(Stored items)

* * *

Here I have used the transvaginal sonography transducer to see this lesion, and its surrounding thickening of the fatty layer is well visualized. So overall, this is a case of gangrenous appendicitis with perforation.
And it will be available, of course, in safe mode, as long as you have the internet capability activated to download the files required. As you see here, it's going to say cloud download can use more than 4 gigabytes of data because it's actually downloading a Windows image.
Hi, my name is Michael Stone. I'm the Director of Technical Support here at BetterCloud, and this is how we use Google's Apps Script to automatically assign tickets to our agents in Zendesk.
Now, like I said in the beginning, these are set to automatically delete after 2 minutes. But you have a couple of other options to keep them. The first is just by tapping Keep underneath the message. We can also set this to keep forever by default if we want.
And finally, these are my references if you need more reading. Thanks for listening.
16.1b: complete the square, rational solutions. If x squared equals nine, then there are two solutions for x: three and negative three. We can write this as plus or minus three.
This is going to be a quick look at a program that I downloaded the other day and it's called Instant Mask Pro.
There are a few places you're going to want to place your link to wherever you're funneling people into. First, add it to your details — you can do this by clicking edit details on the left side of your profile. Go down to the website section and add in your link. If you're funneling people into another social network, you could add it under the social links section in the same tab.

* * *

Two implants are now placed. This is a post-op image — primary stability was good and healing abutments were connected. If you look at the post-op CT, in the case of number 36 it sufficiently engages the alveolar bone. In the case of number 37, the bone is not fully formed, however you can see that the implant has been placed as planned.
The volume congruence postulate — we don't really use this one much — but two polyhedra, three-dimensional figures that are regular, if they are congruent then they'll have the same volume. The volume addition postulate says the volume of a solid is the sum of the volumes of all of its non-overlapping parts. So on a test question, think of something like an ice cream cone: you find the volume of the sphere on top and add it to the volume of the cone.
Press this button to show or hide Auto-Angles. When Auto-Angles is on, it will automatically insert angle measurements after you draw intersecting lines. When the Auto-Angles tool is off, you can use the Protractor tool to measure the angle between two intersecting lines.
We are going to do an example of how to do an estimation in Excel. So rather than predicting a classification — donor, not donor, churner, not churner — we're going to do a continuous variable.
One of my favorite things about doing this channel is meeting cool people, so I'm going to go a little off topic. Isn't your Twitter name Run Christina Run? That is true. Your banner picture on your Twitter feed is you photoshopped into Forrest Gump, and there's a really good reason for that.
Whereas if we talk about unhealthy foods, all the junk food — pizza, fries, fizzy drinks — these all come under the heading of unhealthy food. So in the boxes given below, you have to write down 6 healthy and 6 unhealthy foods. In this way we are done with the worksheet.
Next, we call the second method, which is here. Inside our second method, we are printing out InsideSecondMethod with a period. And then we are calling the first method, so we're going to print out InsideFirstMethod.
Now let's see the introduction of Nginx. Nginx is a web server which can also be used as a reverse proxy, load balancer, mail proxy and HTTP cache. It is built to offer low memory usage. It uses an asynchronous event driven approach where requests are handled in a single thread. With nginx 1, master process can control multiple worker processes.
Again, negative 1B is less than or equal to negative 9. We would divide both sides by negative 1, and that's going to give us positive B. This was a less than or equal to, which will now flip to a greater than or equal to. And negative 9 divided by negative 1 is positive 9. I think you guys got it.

* * *

* [Task details] What you give back must be the stretch above, starting at the line with "Here I have" and ending at the line with "And finally, these", copied exactly.

* [Task result]
Here I have used the transvaginal sonography transducer to see this lesion, and its surrounding thickening of the fatty layer is well visualized. So overall, this is a case of gangrenous appendicitis with perforation.
And it will be available, of course, in safe mode, as long as you have the internet capability activated to download the files required. As you see here, it's going to say cloud download can use more than 4 gigabytes of data because it's actually downloading a Windows image.
Hi, my name is Michael Stone. I'm the Director of Technical Support here at BetterCloud, and this is how we use Google's Apps Script to automatically assign tickets to our agents in Zendesk.
Now, like I said in the beginning, these are set to automatically delete after 2 minutes. But you have a couple of other options to keep them. The first is just by tapping Keep underneath the message. We can also set this to keep forever by default if we want.
And finally, these are my references if you need more reading. Thanks for listening.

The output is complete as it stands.